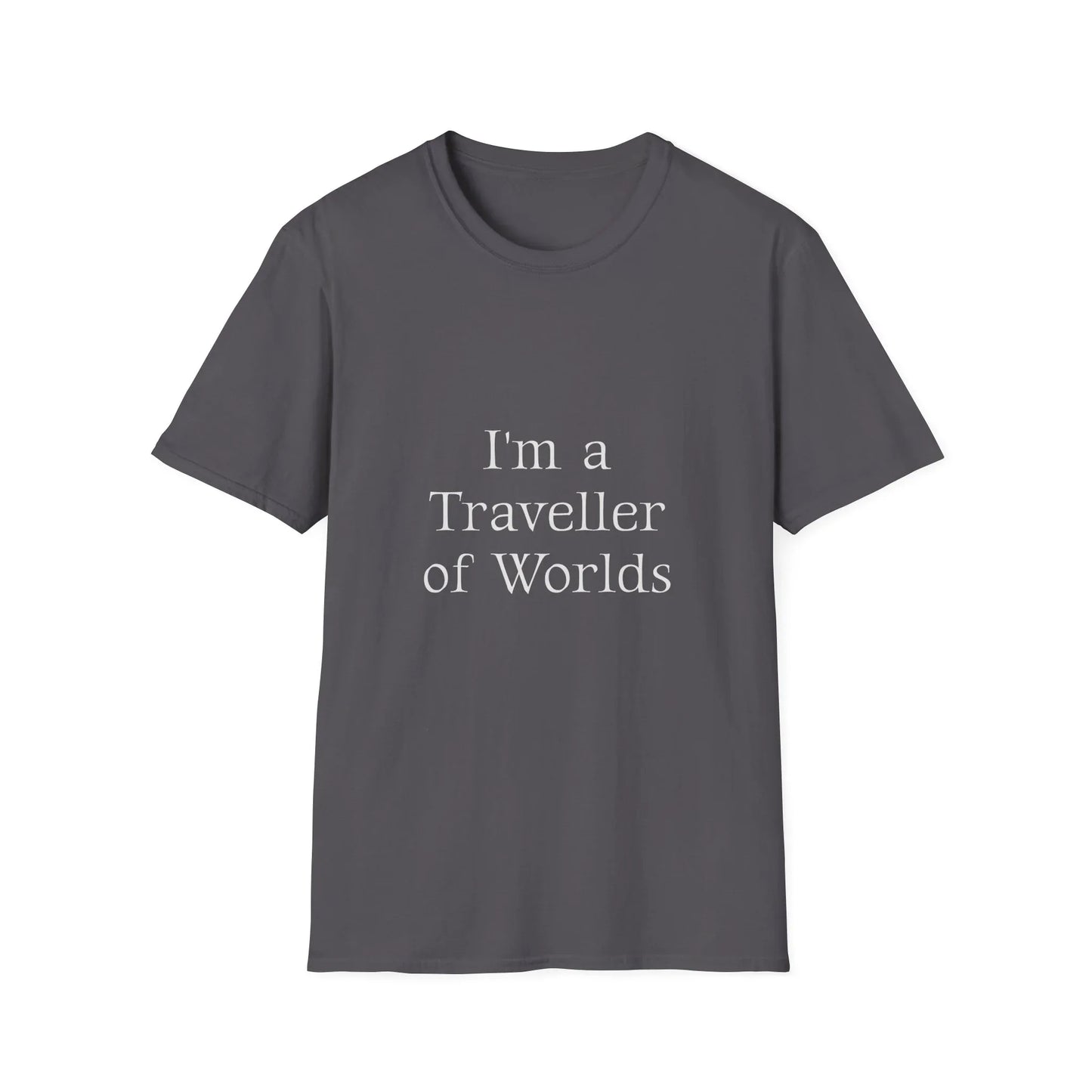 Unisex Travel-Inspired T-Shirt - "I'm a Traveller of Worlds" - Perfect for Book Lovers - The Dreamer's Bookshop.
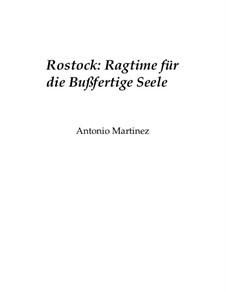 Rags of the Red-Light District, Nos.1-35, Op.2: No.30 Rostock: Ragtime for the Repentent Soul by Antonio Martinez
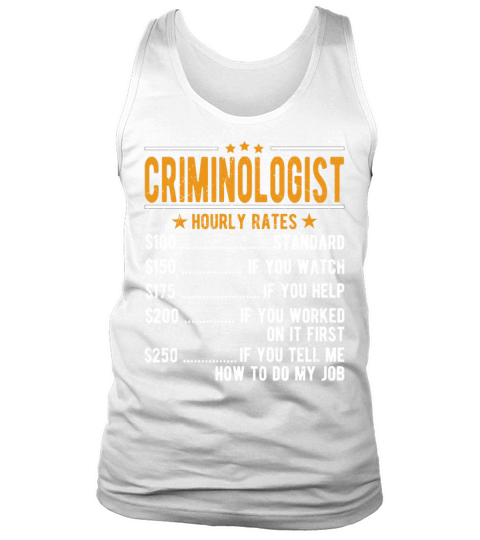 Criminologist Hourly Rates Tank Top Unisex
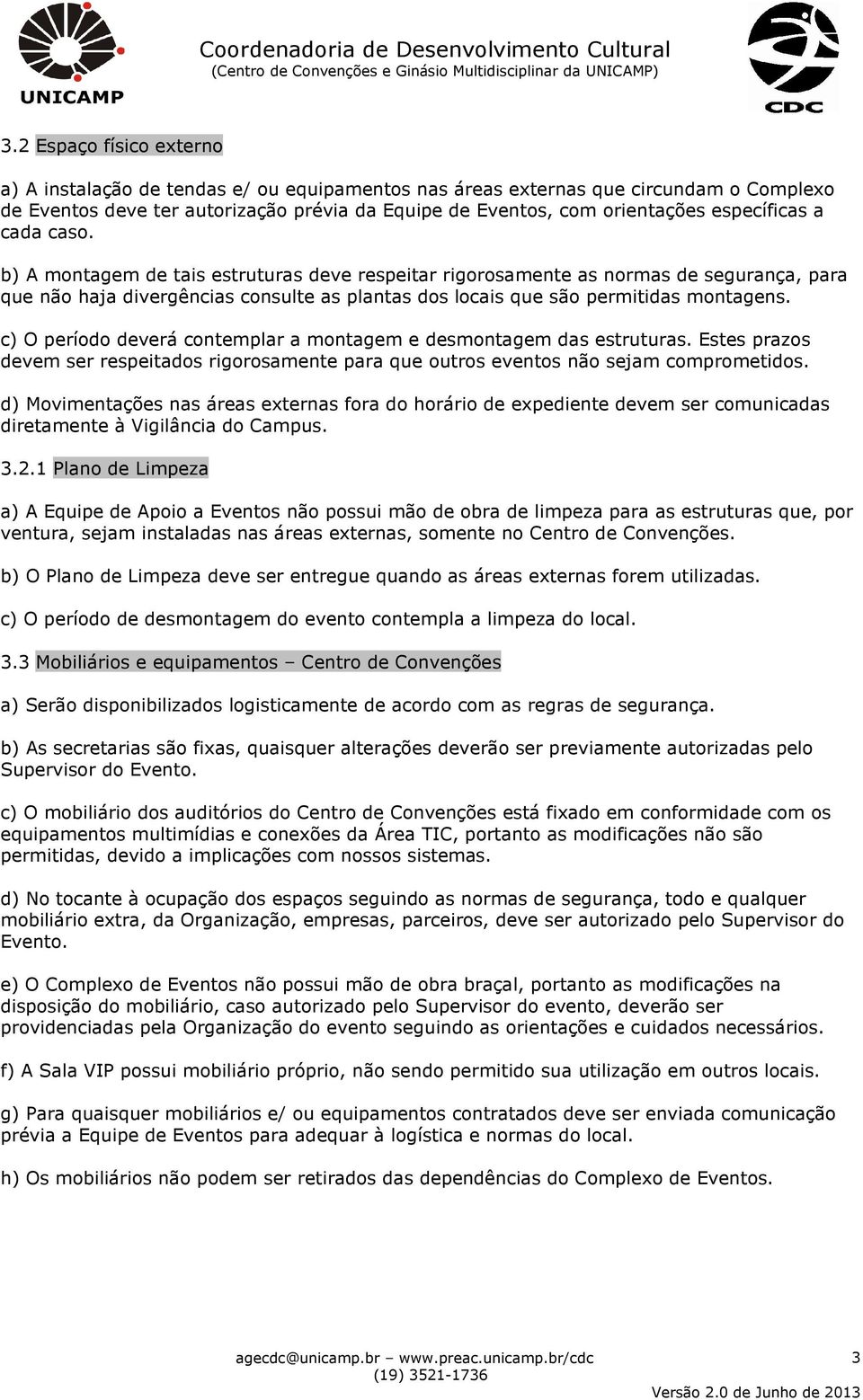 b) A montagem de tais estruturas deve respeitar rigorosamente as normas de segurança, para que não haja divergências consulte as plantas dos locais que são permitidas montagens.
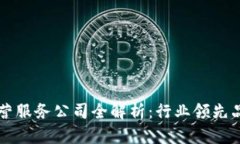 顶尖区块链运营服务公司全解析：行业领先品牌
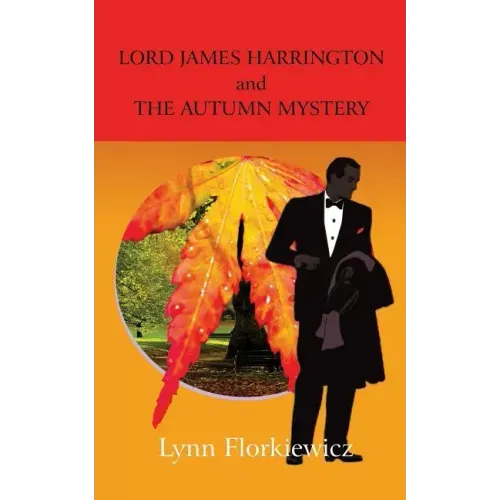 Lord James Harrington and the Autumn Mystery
* * *
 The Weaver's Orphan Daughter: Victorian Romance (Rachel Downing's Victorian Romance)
---
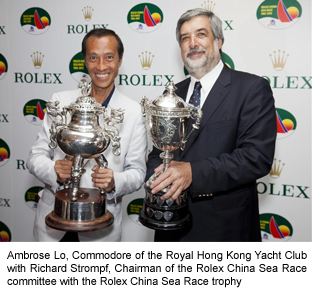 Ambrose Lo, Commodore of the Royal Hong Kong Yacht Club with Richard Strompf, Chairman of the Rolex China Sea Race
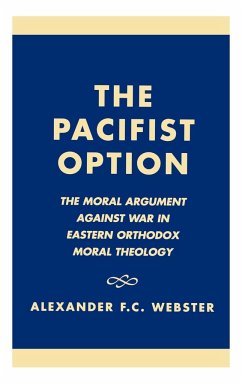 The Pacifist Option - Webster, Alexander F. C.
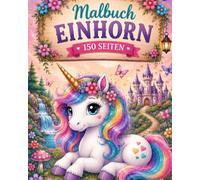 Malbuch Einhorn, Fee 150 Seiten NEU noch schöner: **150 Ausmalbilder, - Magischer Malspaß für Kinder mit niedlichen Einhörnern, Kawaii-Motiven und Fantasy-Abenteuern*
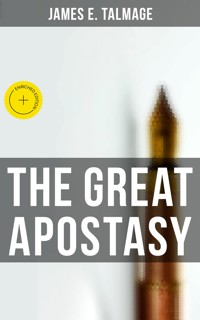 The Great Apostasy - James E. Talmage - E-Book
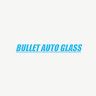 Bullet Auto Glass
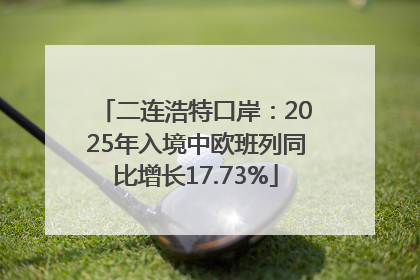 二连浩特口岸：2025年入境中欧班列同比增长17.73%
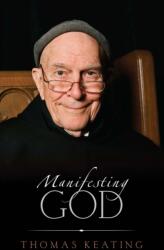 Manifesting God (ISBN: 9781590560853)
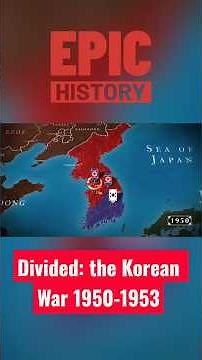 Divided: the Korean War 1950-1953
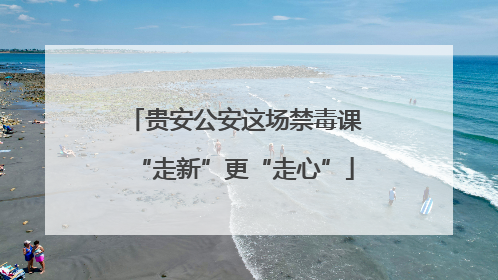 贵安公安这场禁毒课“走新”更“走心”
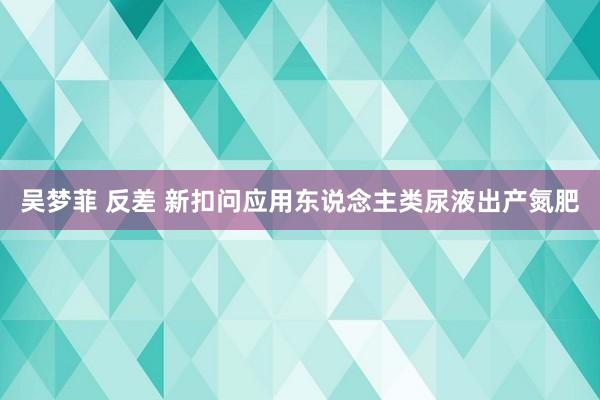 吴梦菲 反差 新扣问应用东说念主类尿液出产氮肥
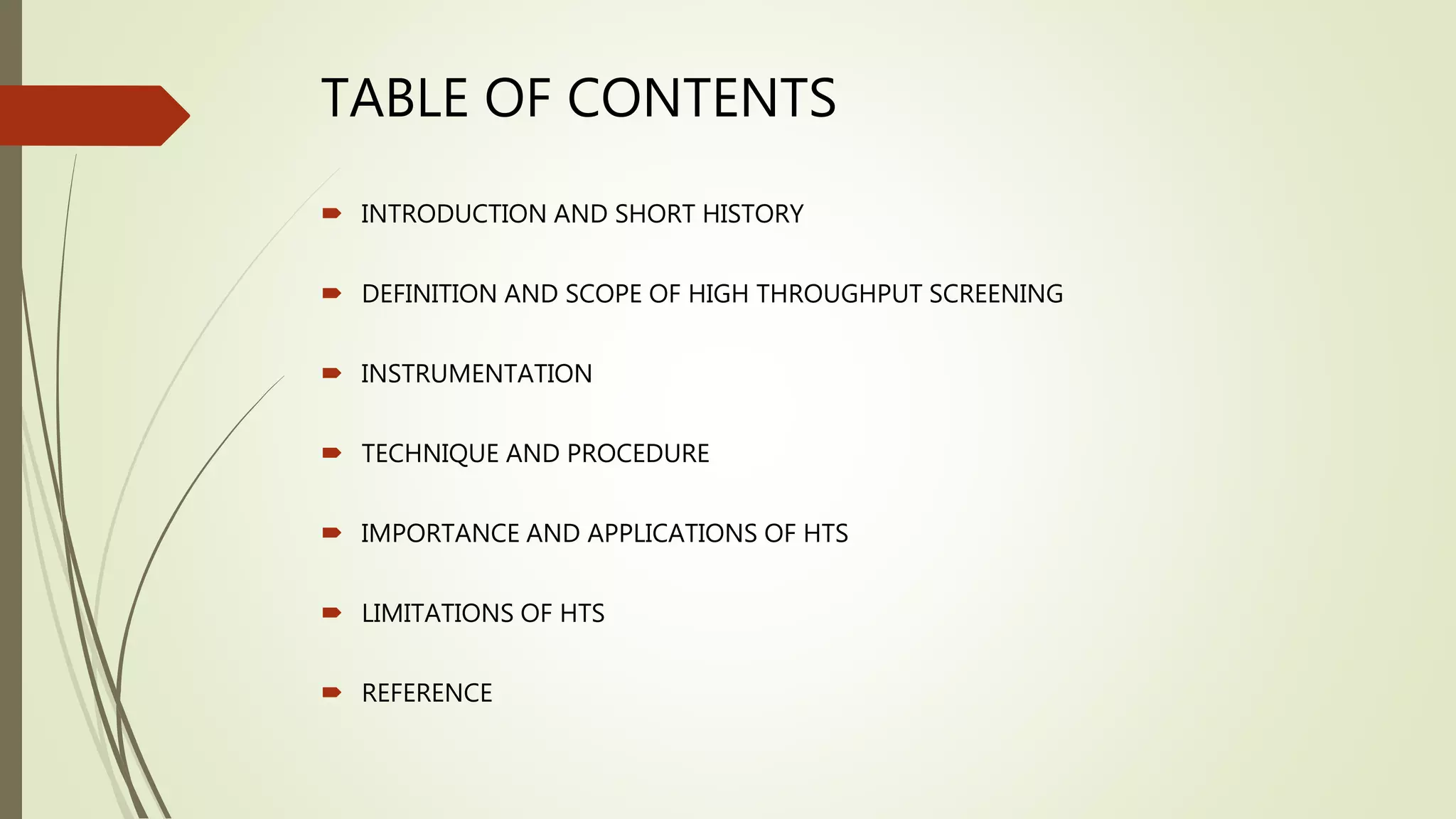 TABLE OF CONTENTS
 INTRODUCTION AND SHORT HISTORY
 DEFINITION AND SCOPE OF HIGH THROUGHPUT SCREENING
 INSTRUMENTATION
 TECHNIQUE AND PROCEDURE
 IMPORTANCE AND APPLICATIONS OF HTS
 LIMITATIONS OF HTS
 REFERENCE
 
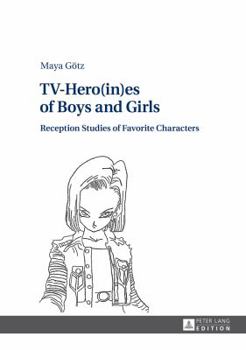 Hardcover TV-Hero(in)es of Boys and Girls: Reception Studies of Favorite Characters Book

## [Task description]
In the listing above, find the line containing "Malbuch Einhorn, Fee". Output it and every line after it up to and including the line containing "AND SHORT HISTORY", exactly, but skip the pictures.

## [Solution for this exercise]
 Malbuch Einhorn, Fee 150 Seiten NEU noch schöner: **150 Ausmalbilder, - Magischer Malspaß für Kinder mit niedlichen Einhörnern, Kawaii-Motiven und Fantasy-Abenteuern*
 The Great Apostasy - James E. Talmage - E-Book
 Bullet Auto Glass
 二连浩特口岸：2025年入境中欧班列同比增长17.73%
 Manifesting God (ISBN: 9781590560853)
 Divided: the Korean War 1950-1953
 贵安公安这场禁毒课“走新”更“走心”
 吴梦菲 反差 新扣问应用东说念主类尿液出产氮肥
 TABLE OF CONTENTS
 INTRODUCTION AND SHORT HISTORY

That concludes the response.